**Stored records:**
::::::::::

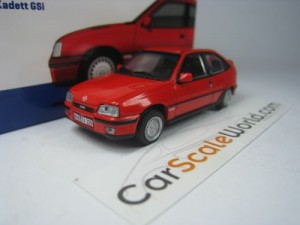 OPEL KADETT GSI 1/64 TARMAC (RED)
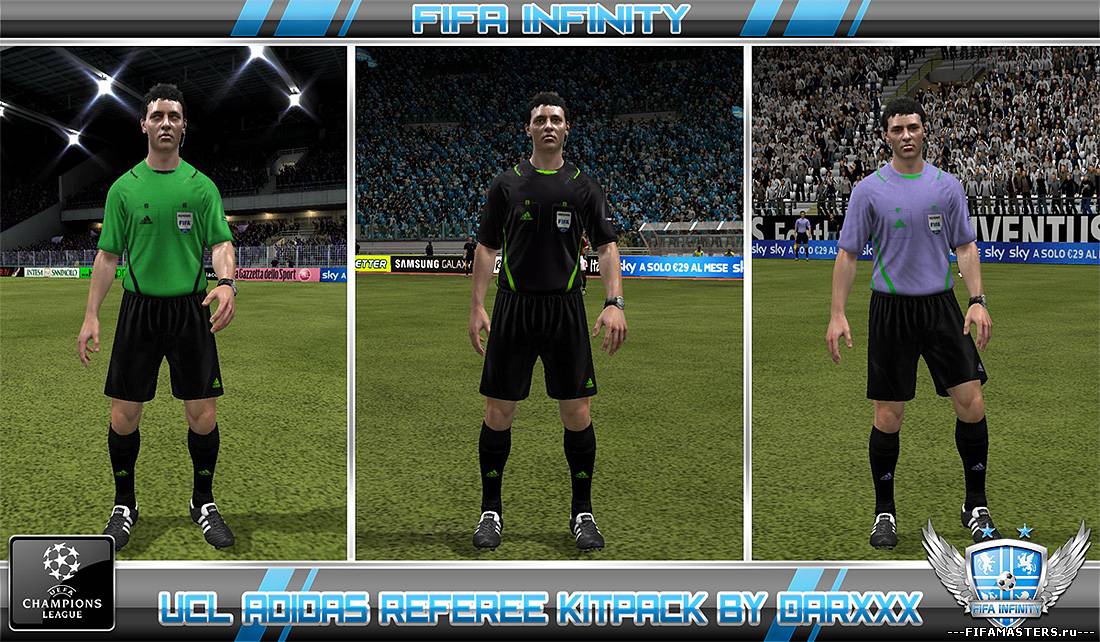 Uefa Champions League Referee Kits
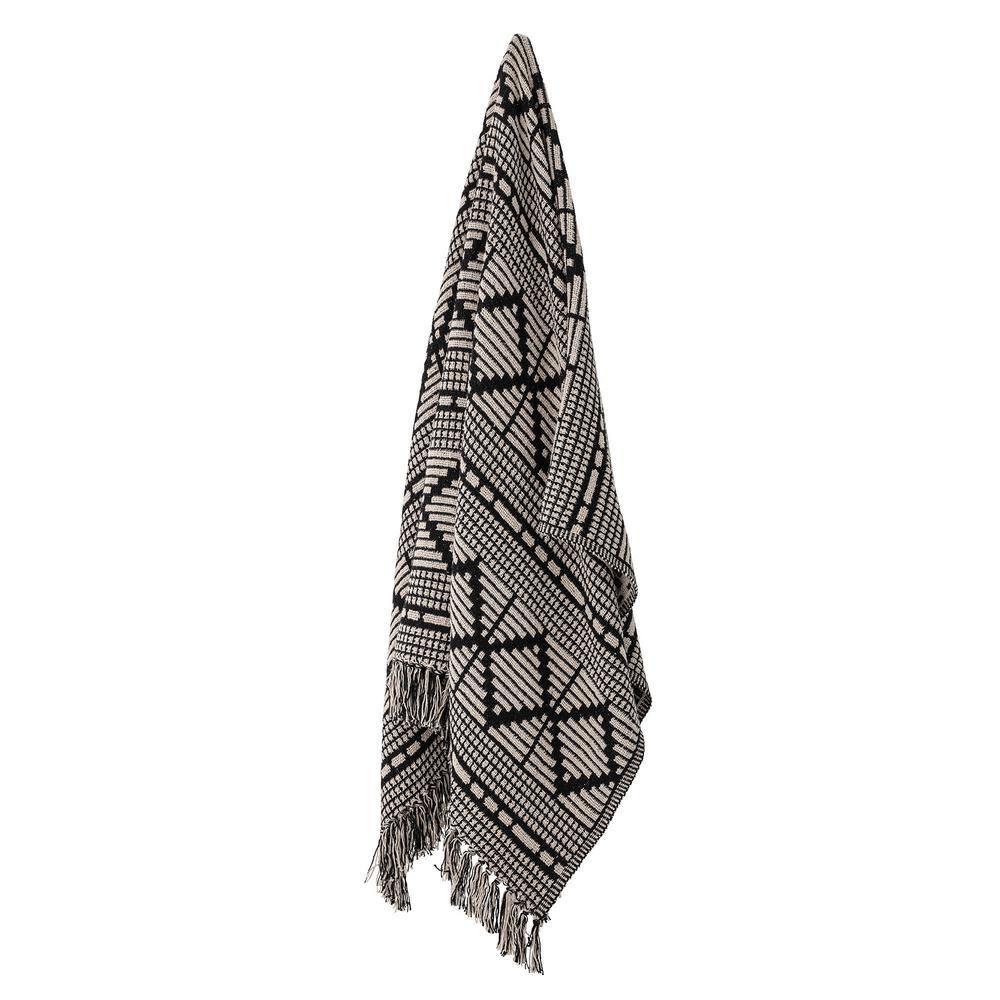 Bloomingville Hand Woven Throw Blanket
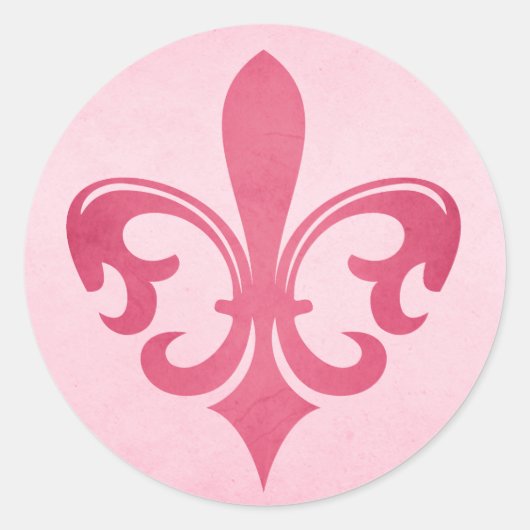 Pink Fleur de lis sticker (Voorkant)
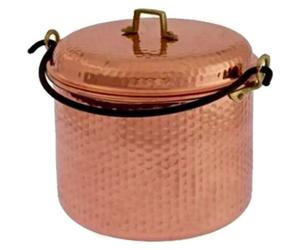 Сasserole en cuivre martelé avec arche de fer 28 cm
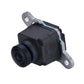 Reversing camera module front view with black lens and metal mounting ears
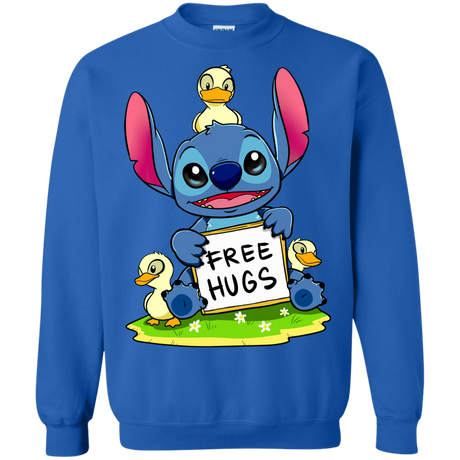 Sweatshirts Royal / S Stitch Hug Crewneck Sweatshirt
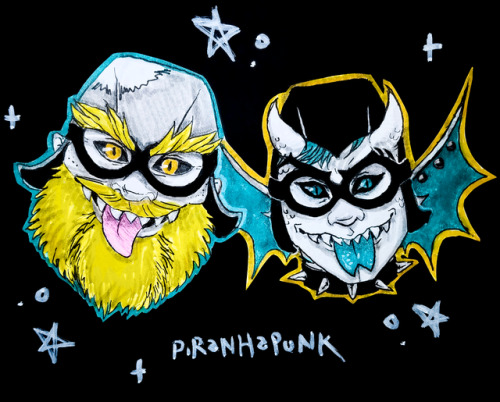 HAPPY SPOOKTOBER from the sharpest homies, Crash McLarson &amp; Cadet @piranhabat!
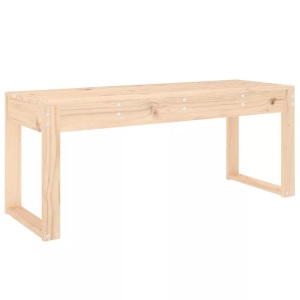 vidaXL, vidaXL Gartenbank 110x38x45 cm Massivholz Kiefer, vidaXL Gartenbank 110x38x45 cm Massivholz Kiefer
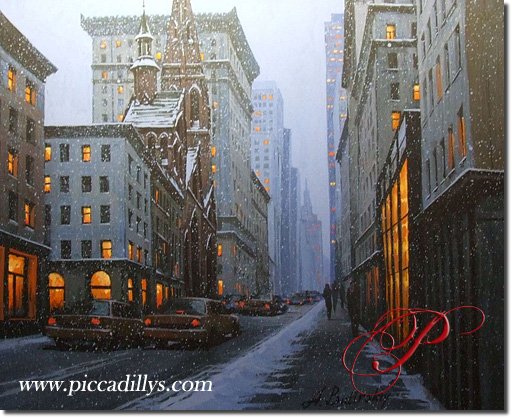 Fifth Avenue Flurries By Alexei Butirskiy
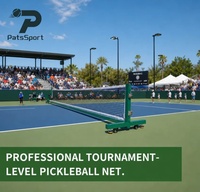 Redes de Pickleball para Exteriores con Ruedas, Red de Pickleball Rodante con Postes y Soporte para Competiciones, Red de Pickleball Profesional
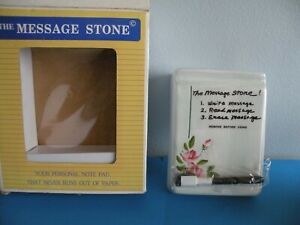 Note Pad Memo message stone ceramic never w/o paper NEW U11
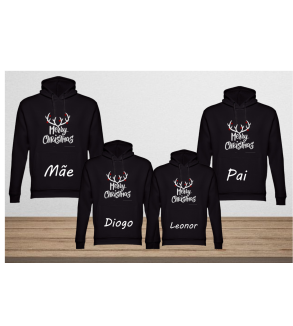 Hoodie Familia Merry Christmas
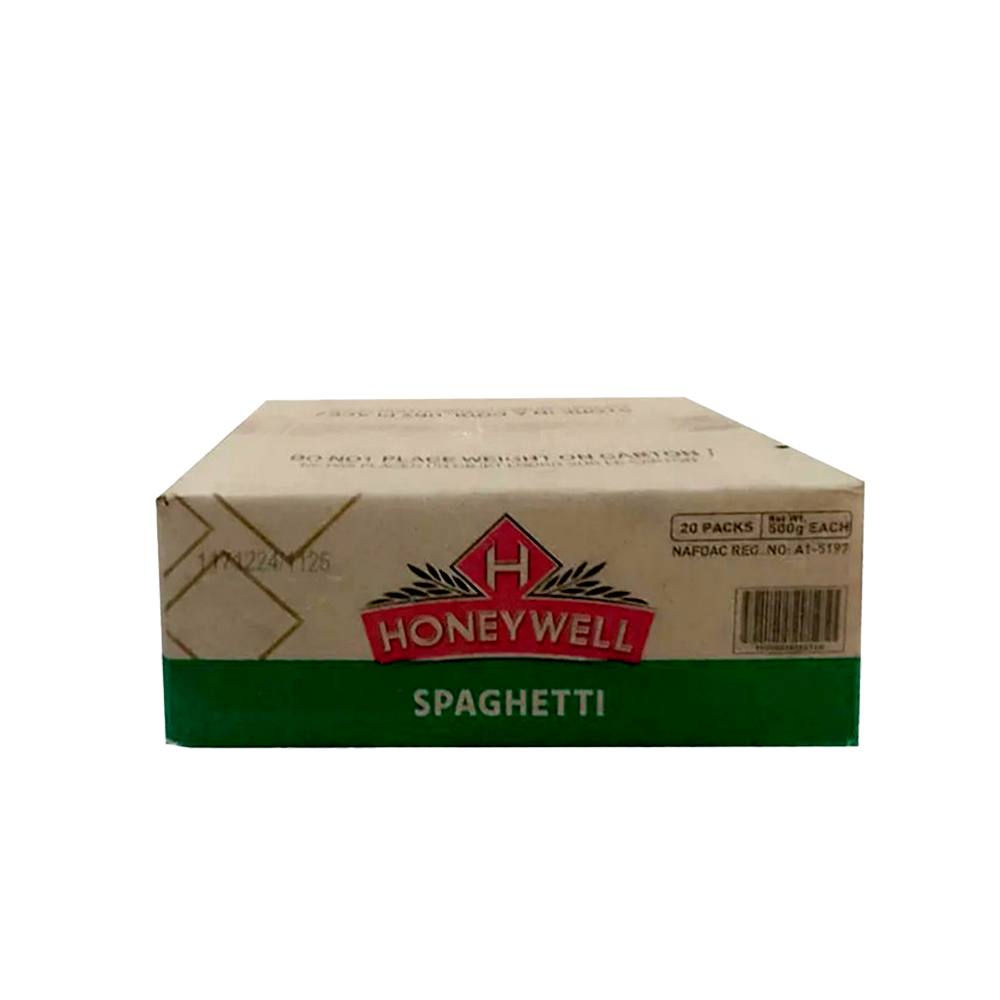 Honeywell Pasta Spaghetti 20 x 500g CTN  -   (N)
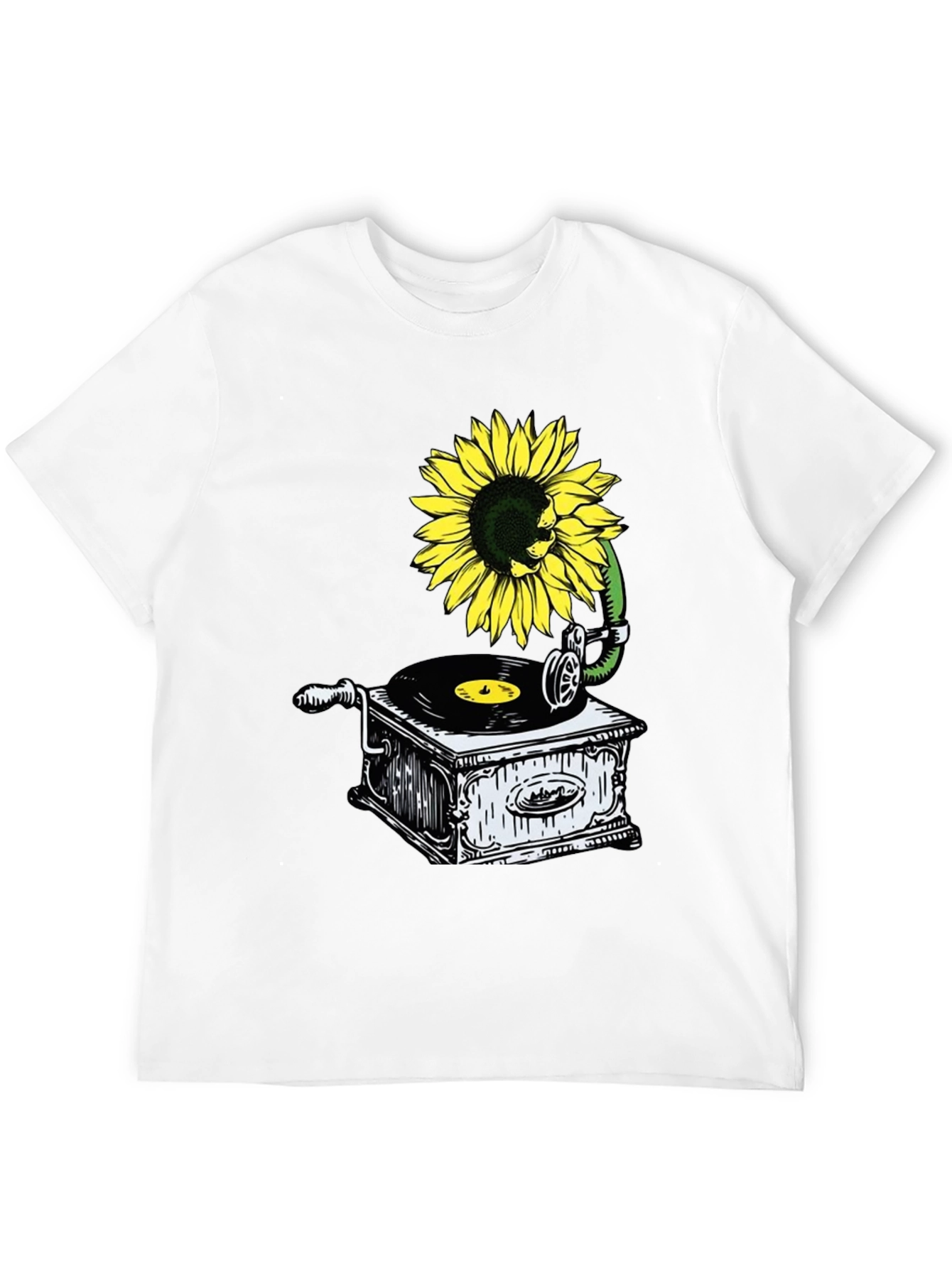 Sunflower Gramophone Graphic Tee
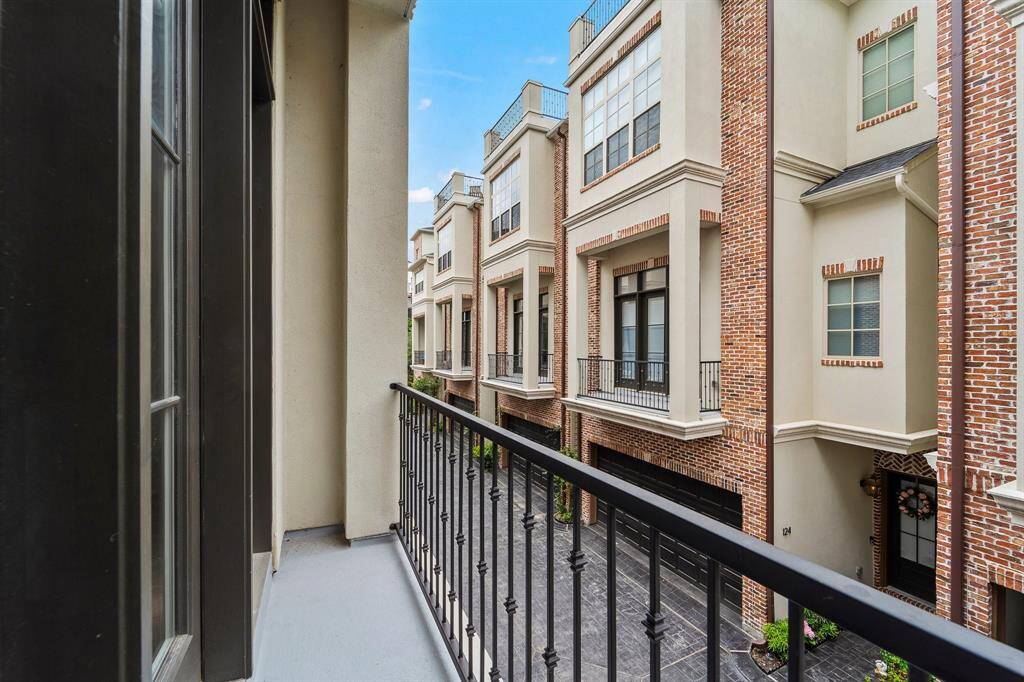 Experience serene moments on your private living room balcony.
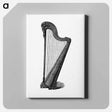 アートパネル-Harp Engraving
 - 大英図書館 Canvas.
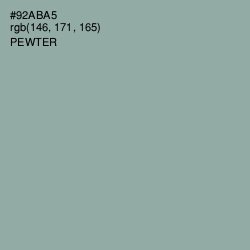 #92ABA5 - Pewter Color Image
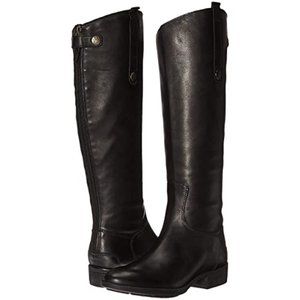 Sam Edelman Black Tall Leather Riding Boots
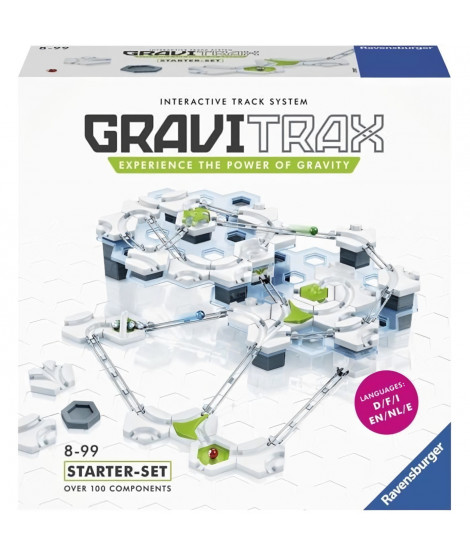 GraviTrax Starter Set - Jeu de construction STEM - Circuit de billes créatif - Ravensburger - 122 pieces - des 8 ans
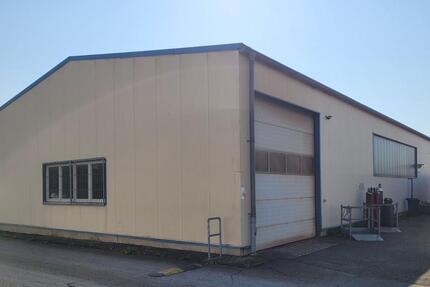 Stahlbauhalle Lagerhalle 460m², beheizt, große Rolltore zimmer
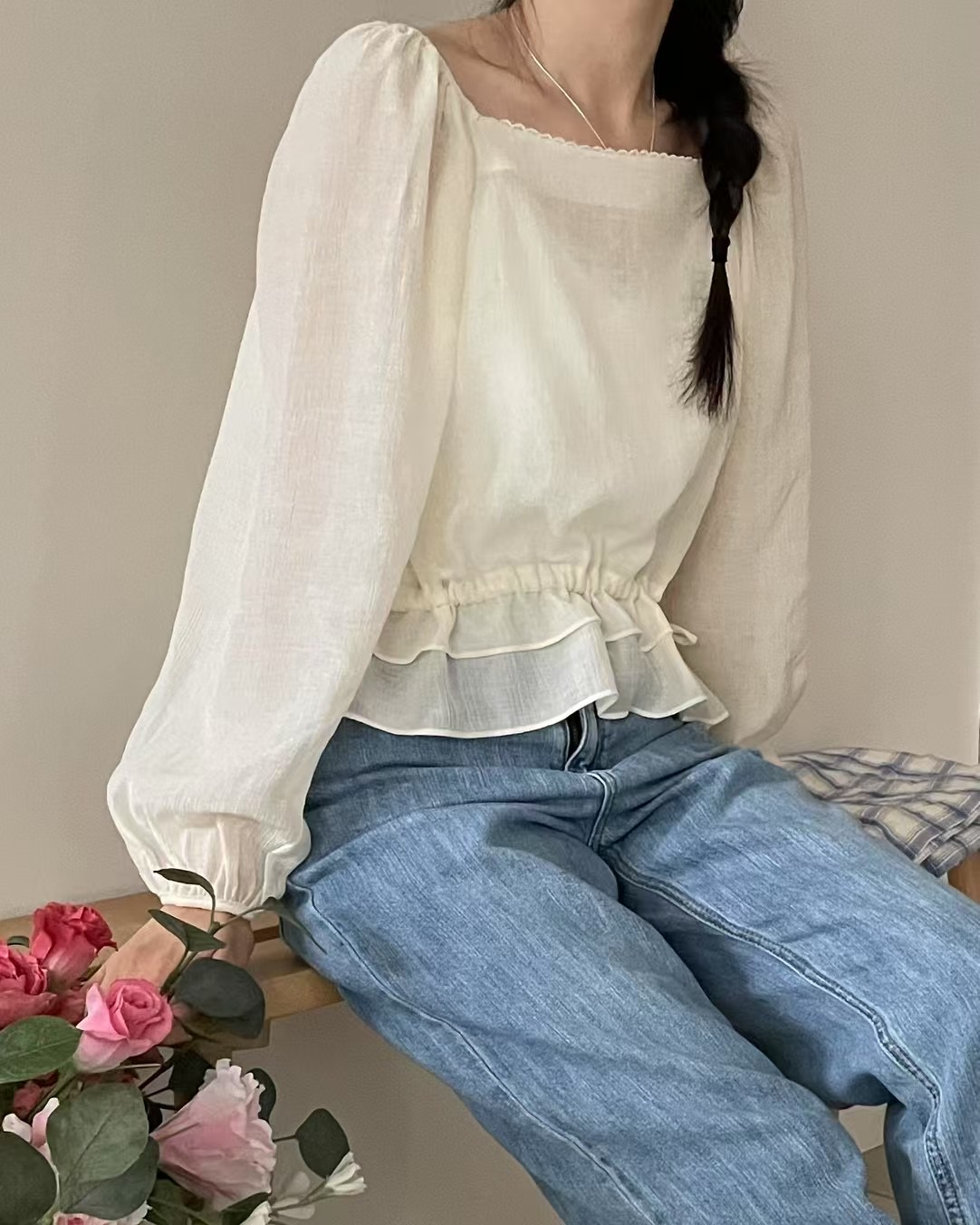 MAGIE東大門直郵女裝新款熱賣人氣推薦時尚休閑襯衫蕾絲衫蕾絲magie襯衫/蕾絲衫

::::::::::

**WHAT IS BEING ASKED:** Quote all the lines above exactly as given. Do not include the pictures.

**SOLUTION TO THIS PROBLEM:**
 OPEL KADETT GSI 1/64 TARMAC (RED)
 Uefa Champions League Referee Kits
 Bloomingville Hand Woven Throw Blanket
 Pink Fleur de lis sticker (Voorkant)
 Сasserole en cuivre martelé avec arche de fer 28 cm
 Reversing camera module front view with black lens and metal mounting ears
 Sweatshirts Royal / S Stitch Hug Crewneck Sweatshirt
 HAPPY SPOOKTOBER from the sharpest homies, Crash McLarson &amp; Cadet @piranhabat!
 vidaXL, vidaXL Gartenbank 110x38x45 cm Massivholz Kiefer, vidaXL Gartenbank 110x38x45 cm Massivholz Kiefer
 Fifth Avenue Flurries By Alexei Butirskiy
 Redes de Pickleball para Exteriores con Ruedas, Red de Pickleball Rodante con Postes y Soporte para Competiciones, Red de Pickleball Profesional
 Note Pad Memo message stone ceramic never w/o paper NEW U11
 Hoodie Familia Merry Christmas
 Honeywell Pasta Spaghetti 20 x 500g CTN  -   (N)
 Sunflower Gramophone Graphic Tee
 Experience serene moments on your private living room balcony.
 アートパネル-Harp Engraving
 - 大英図書館 Canvas.
 #92ABA5 - Pewter Color Image
 Sam Edelman Black Tall Leather Riding Boots
 GraviTrax Starter Set - Jeu de construction STEM - Circuit de billes créatif - Ravensburger - 122 pieces - des 8 ans
 Stahlbauhalle Lagerhalle 460m², beheizt, große Rolltore zimmer
 MAGIE東大門直郵女裝新款熱賣人氣推薦時尚休閑襯衫蕾絲衫蕾絲magie襯衫/蕾絲衫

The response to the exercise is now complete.